The Joe Martin Stage Race was in my hometown of Fayetteville, Arkansas this past weekend and I briefly met with Scott Moniger and Gord Fraser of Health Net, and they were sporting the new SystemSix. It was hard to tell the differences, but the head badge as a circle with a 6 in the middle of it. Got me thinkin. Anyway, the next day I saw the system six teaser on the website, and then spoke with our rep. It's gonna be sweet. For those of you interested in cannondale mountain bikes, there is a possibility of a Six13 type hardtail around the corner. Hooray! However, the Six13 scalpel apparntly will never see the consumer market because of cost. Christoph Sauser's custom rig was in the neighborhood of 15,000.


----------



## trauma-md (Feb 6, 2004)

The System 6 is almost a full carbon front triangle....the top tube, down tube, and headtube are all carbon. The seat tube and rear triangle are aluminum. The rearward junctions of carbon to aluminum look similar to the 613. Also, it appears that the headset is conical (ala Klein and 5900). It uses a 1.5 top cup and tapers to a 1 1/8th lower. Someone who took a test ride said there was a more distinct road feel (not in a bad way), and overall, the bike was stiffer than the 613.


----------



## cyclewvu (Oct 17, 2005)

I rode it today. The rep came in w/a 52 built w/dura ace and ksyrium es. lucky me to be the only compact person in the shop. It does offer much more precise road feel. When I first got on it I expected a harsher ride, but taking it over some of the roughest brick streets I could find in town, the feedback from the road did not increase proprotionally to the size of the bumps, as to say bigger bumps still felt small.

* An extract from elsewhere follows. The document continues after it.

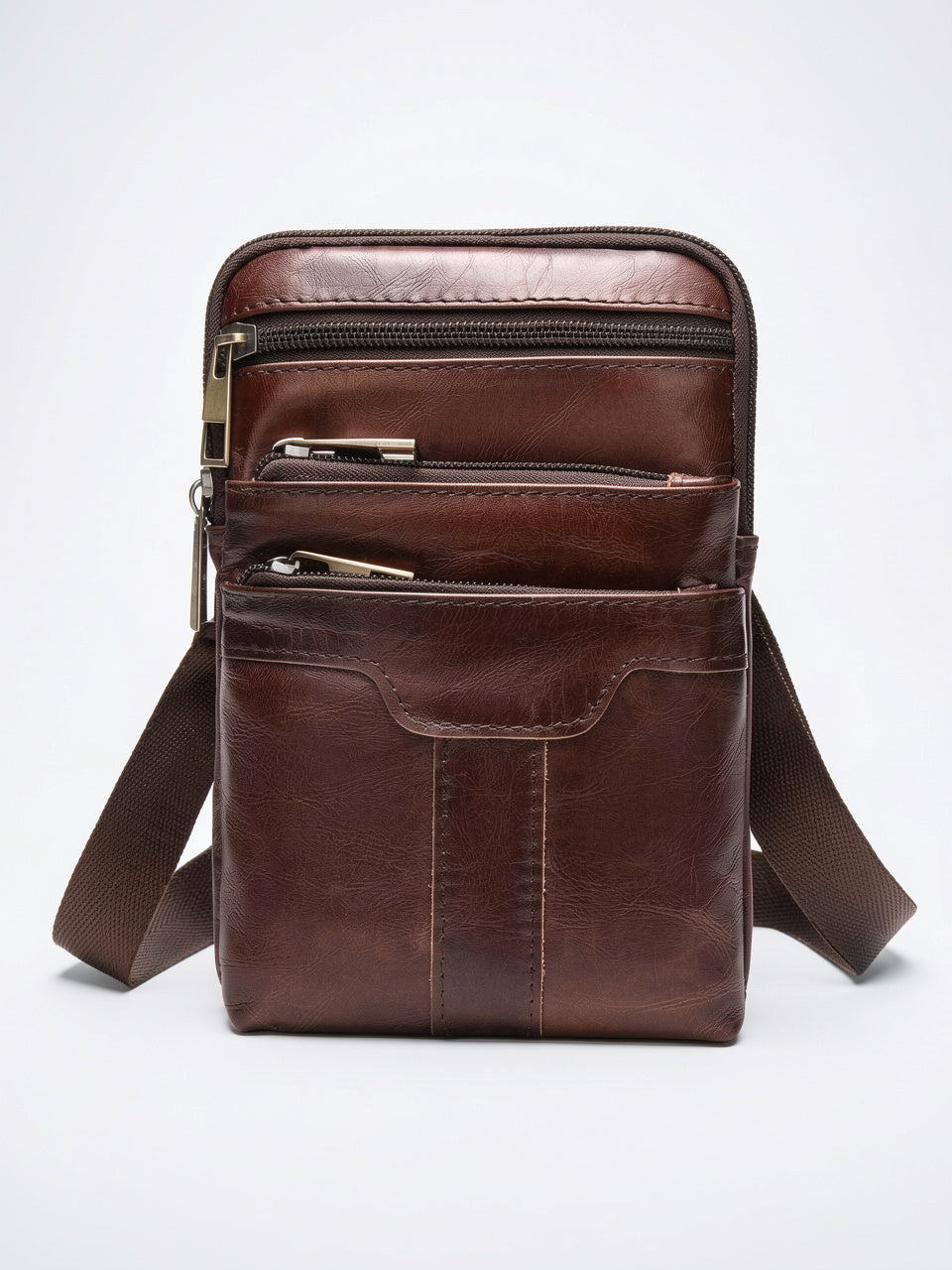 Sacoche Bandoulière Homme Cuir Téléphone Zippée Compacte - Marron Foncé 12cm x 20cm x 4cm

The six13 definitely offers a smoother ride than the systemsix, but I've always felt that it lacked the visceral acceleration of the CAAD 8, not that I've ever felt like it lacked stiffness or felt held back in sprints by the six13. (I raced a CAAD 8 last year and upgraded to a six13 team this year). The systemsix bridges this gap with an overall lighter package (rep said 50-60 grams lighter than a caad8). It's incredibly responsive. A true thoroughbred race bike. Another difference besides the tapering fork is an oversize 31.6 seatpost due to a new oversized internally doublebutted seattube (maybe see this as one of the changes for caad9 that was mentioned in velonews?)


----------



## dontimberline (Apr 20, 2006)

Ughhh...I hate it when manufacturers start playing with odd seatpost sizes. It makes it impossible to find a reasonably-priced aftermarket seatpost.


----------



## trauma-md (Feb 6, 2004)

*pic....*

Here's a pic...


----------



## jhenry4 (Feb 4, 2006)

the seatpost size is rare but not odd, that's the same size specialized uses on their Mtn bikes. the larger issue is the headset, the 1.5 to 1.125 mixed set is even harder to find than a 31.6 seatpost.


----------



## trek5200cs (May 4, 2006)

cyclewvu said:


> I rode it today. The rep came in w/a 52 built w/dura ace and ksyrium es. lucky me to be the only compact person in the shop. It does offer much more precise road feel. When I first got on it I expected a harsher ride, but taking it over some of the roughest brick streets I could find in town, the feedback from the road did not increase proprotionally to the size of the bumps, as to say bigger bumps still felt small. The six13 definitely offers a smoother ride than the systemsix, but I've always felt that it lacked the visceral acceleration of the CAAD 8, not that I've ever felt like it lacked stiffness or felt held back in sprints by the six13. (I raced a CAAD 8 last year and upgraded to a six13 team this year). The systemsix bridges this gap with an overall lighter package (rep said 50-60 grams lighter than a caad8). It's incredibly responsive. A true thoroughbred race bike. Another difference besides the tapering fork is an oversize 31.6 seatpost due to a new oversized internally doublebutted seattube (maybe see this as one of the changes for caad9 that was mentioned in velonews?)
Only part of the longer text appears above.